Snakes are beautiful, flexible, and often goodnatured: they’re willing to be handled and may participate in the dance. Women from all over Earth have danced with snakes as part of magical and spiritual rites. Some belly dancers and other traditional dancers still dance with snakes; this is not an abandoned, forgotten tradition.
Historically significant snake dancers include:
The Maenads, who allegedly danced with snakes, engaged in snake charming and wore snakes in their hair as crowns. (Deities like Brigid, Hecate, Lilith, and Persephone are depicted with similar hair-dos. Snake-haired Medusa may also be understood to embody this concept.)
The Italian deity Angitia was the niece of the sorceress-spirit Circe. She learned her aunt’s magical secrets including fire-walking and snake charming and brought them to the Roman region. (See DIVINE WITCH:Angitia.)
Marie Laveau, the self-proclaimed Pope of Voodoo, famously danced with her snake, the Grand Zombi, during Midsummer’s Eve rituals on the Bayou St John. Her snake’s name often confuses because it sounds identical to the zombis, the living dead, of Haitian lore. However, in this case, Zombi is a variant of what is now most commonly spelled Simbi in English. Simbi is a powerful water-snake deity of Congolese origin.
Mami Waters, currently an extremely popular West and Central African deity, is most often depicted in the guise of a snake charmer. Mami Waters was originally a water-snake spirit, similar to a mermaid. Once a minor, regional spirit, during the later twentieth century she emerged as among the most popular deities of a newly urbanized sub-Saharan Africa. An old German theatrical poster promoting a snake charmer somehow became identified with Mami Waters; it is now her most popular devotional icon.
There is also a different type of snake dance, which may or may not incorporate living snakes. This dance is also known as a serpentine—or line—dance. A company of dancers—the more numerous the more effective—forms a sinuous, twisting line that mimics the motion of a snake. This type of dance is also commonly called a spiral dance.
The serpentine dance is an affirmation of life and the potential for resurrection. The original danse macabre in its primitive form reproduced the movements of the serpentine line dance although no apparent conscious associations with snakes exist. In this context the danse macabre may be understood as either affirming life in the face of death or of succumbing to the despair of the Black Death.

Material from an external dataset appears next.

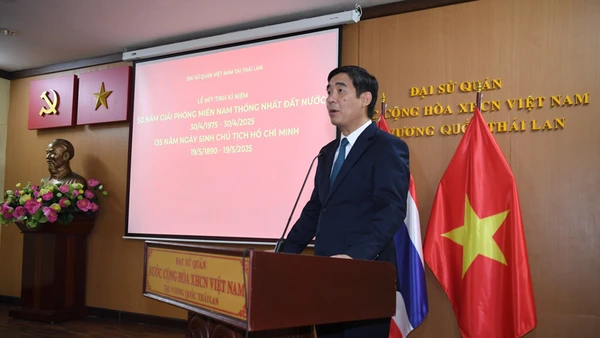 Đại sứ Phạm Việt Hùng ôn lại chặng đường đấu tranh anh dũng của dân tộc Việt Nam vì độc lập, tự do, thống nhất.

Neolithic statuettes and other surviving stone and pottery crafts are often embellished with spirals; these spirals curve around bodies, most typically around those anatomical parts most associated with sex and procreation. These spirals are understood as representing serpentine power: they protect, preserve, enhance, and increase generative, creative power.
The twisting line of serpentine dancers essentially recreates a giant, magical snake that spirals around sacred sites, trees, mountains, and homes (or anything else); the dancers reproduce the motif of the spiraling snake; they, too, generate magical energy and blessings.